--- TASK INPUT ---
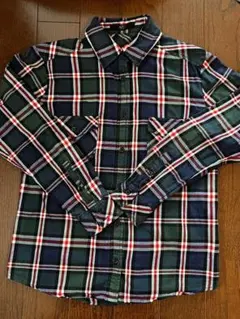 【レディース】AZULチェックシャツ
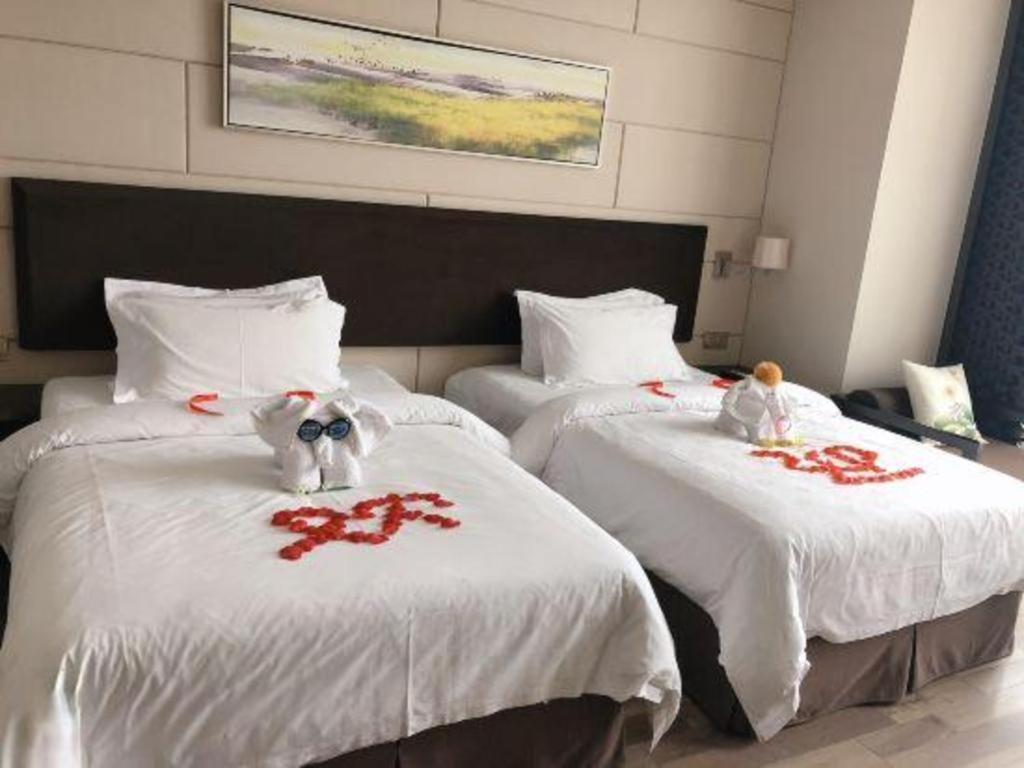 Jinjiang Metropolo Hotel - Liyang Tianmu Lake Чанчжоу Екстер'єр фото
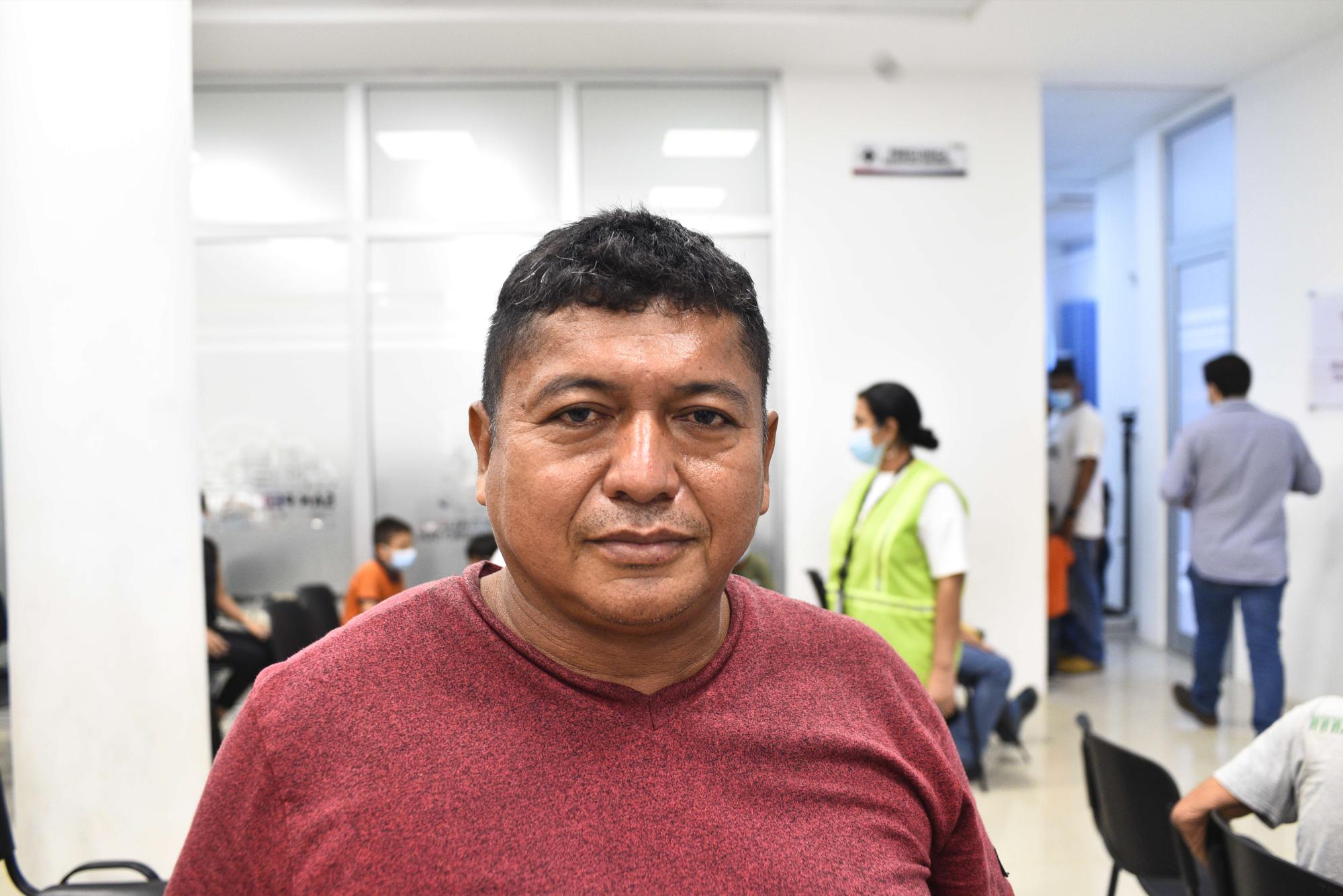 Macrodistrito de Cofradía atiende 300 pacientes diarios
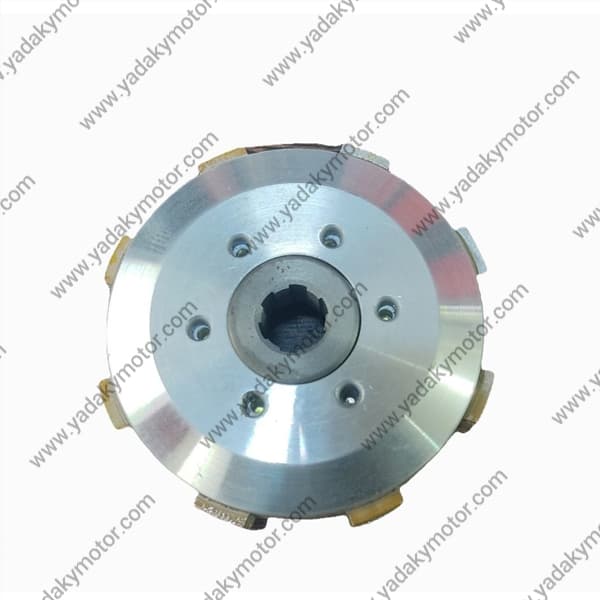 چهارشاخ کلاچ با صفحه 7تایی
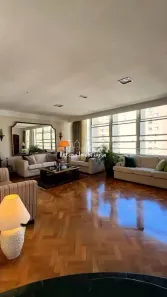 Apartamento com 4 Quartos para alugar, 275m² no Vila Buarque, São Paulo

--- TASK ---
Each entry above should be given again exactly, with its pictures omitted.

--- RESULT OF THE EXERCISE ---
 【レディース】AZULチェックシャツ
 Jinjiang Metropolo Hotel - Liyang Tianmu Lake Чанчжоу Екстер'єр фото
 Macrodistrito de Cofradía atiende 300 pacientes diarios
 چهارشاخ کلاچ با صفحه 7تایی
 Apartamento com 4 Quartos para alugar, 275m² no Vila Buarque, São Paulo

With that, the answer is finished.